**EXERCISE INPUTS**
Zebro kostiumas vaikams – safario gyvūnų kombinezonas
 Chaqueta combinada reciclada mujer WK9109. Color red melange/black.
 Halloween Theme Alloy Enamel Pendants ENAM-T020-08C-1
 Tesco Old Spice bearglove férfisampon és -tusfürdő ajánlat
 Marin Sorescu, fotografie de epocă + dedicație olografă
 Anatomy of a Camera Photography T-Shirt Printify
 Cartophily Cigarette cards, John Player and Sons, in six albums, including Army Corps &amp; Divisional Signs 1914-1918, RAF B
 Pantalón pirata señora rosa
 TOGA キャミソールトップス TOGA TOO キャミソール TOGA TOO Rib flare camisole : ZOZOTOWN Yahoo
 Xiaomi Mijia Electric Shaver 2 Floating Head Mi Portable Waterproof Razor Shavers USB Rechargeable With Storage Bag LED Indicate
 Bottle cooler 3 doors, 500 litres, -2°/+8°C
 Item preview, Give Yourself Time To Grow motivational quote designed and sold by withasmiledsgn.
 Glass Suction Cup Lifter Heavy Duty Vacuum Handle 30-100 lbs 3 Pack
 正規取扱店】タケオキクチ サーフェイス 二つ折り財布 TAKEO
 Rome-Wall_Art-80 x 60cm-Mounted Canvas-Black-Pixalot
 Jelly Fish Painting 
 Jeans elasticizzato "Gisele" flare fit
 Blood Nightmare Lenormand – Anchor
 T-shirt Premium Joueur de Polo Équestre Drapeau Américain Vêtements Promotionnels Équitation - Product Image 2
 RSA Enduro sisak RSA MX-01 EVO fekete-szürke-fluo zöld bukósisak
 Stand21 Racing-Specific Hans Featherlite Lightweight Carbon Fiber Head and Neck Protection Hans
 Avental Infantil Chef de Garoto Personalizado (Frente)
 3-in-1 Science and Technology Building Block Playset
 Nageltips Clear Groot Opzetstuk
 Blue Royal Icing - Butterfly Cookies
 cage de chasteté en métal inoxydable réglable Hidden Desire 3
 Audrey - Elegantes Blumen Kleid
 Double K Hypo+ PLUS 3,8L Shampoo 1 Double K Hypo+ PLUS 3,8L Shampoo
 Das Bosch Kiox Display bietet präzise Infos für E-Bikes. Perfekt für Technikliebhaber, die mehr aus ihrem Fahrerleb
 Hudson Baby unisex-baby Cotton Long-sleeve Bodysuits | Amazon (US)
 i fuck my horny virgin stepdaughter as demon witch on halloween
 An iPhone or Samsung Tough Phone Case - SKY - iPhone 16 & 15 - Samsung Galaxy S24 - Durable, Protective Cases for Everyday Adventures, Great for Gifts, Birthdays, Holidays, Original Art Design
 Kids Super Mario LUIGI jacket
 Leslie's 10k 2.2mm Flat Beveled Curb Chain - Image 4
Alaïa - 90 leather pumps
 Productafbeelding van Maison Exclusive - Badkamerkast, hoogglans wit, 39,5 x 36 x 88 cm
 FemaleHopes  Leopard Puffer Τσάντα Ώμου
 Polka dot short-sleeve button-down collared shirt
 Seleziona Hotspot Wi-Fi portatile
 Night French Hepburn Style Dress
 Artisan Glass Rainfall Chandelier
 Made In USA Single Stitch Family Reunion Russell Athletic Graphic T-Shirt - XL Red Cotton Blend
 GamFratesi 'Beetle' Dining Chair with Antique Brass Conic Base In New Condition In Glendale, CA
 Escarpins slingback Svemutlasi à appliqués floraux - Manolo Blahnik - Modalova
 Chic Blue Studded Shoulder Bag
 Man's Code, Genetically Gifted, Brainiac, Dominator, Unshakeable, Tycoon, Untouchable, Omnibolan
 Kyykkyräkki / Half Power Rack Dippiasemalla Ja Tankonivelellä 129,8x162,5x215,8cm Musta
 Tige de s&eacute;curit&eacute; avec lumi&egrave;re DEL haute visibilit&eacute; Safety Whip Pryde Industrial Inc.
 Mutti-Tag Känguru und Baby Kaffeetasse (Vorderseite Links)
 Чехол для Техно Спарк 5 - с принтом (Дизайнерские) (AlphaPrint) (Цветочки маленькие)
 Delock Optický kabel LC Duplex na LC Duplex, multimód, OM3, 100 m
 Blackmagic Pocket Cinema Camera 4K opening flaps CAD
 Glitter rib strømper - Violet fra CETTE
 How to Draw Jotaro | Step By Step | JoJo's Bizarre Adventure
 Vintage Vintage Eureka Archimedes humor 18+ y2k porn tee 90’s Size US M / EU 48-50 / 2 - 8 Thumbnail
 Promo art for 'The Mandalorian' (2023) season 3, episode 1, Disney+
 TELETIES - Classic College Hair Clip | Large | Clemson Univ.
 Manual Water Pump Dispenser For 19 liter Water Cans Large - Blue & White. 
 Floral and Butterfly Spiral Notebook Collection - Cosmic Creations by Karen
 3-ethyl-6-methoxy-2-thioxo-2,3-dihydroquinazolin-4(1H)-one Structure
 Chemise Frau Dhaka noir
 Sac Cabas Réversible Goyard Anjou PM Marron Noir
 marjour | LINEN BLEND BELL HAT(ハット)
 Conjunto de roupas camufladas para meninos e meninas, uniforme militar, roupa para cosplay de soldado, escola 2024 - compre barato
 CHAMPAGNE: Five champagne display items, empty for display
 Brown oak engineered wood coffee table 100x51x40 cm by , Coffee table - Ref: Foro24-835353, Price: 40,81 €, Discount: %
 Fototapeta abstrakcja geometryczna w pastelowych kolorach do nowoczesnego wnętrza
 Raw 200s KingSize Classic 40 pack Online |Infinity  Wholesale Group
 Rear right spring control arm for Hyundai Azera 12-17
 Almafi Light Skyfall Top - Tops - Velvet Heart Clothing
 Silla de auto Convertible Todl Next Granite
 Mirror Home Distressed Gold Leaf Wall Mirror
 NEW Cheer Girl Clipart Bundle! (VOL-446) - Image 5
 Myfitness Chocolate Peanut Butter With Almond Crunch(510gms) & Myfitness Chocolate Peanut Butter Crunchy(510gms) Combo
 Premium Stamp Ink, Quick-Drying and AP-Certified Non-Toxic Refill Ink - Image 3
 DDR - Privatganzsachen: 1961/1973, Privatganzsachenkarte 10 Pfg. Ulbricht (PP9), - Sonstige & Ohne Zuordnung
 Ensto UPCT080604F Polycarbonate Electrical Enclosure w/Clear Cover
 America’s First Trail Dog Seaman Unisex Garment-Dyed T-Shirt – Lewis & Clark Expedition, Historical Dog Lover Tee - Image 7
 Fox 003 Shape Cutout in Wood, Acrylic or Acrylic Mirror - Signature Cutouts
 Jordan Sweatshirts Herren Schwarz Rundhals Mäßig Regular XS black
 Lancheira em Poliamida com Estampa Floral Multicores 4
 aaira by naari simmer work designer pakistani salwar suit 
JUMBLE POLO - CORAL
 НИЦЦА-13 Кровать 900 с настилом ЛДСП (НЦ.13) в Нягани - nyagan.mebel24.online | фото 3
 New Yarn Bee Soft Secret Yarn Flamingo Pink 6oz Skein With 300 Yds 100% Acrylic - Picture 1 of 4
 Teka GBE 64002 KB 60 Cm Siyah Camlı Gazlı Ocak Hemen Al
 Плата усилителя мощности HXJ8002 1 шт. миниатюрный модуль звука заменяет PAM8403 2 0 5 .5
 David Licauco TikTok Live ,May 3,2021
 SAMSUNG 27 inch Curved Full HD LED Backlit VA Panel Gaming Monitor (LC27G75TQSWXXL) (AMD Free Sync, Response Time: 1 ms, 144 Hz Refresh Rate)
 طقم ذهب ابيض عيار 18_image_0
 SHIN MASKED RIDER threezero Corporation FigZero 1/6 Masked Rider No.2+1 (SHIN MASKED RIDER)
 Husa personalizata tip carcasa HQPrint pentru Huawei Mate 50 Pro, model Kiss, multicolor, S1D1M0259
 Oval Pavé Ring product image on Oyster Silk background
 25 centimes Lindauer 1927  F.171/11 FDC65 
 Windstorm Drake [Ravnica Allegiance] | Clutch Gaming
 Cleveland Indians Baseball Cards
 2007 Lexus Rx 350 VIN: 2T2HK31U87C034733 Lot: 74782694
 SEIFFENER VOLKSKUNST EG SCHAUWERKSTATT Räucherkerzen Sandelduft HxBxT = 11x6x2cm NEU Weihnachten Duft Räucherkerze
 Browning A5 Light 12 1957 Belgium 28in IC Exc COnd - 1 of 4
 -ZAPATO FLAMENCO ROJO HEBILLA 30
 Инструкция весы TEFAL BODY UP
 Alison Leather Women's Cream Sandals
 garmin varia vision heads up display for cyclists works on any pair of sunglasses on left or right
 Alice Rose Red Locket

**INSTRUCTIONS FOR THE TASK**
Looking at the records above, return exactly the lines from the line with "NEW Cheer Girl" to the line with "Premium Stamp Ink, Quick-Drying", both ends included.

**EXPECTED OUTPUT**
 NEW Cheer Girl Clipart Bundle! (VOL-446) - Image 5
 Myfitness Chocolate Peanut Butter With Almond Crunch(510gms) & Myfitness Chocolate Peanut Butter Crunchy(510gms) Combo
 Premium Stamp Ink, Quick-Drying and AP-Certified Non-Toxic Refill Ink - Image 3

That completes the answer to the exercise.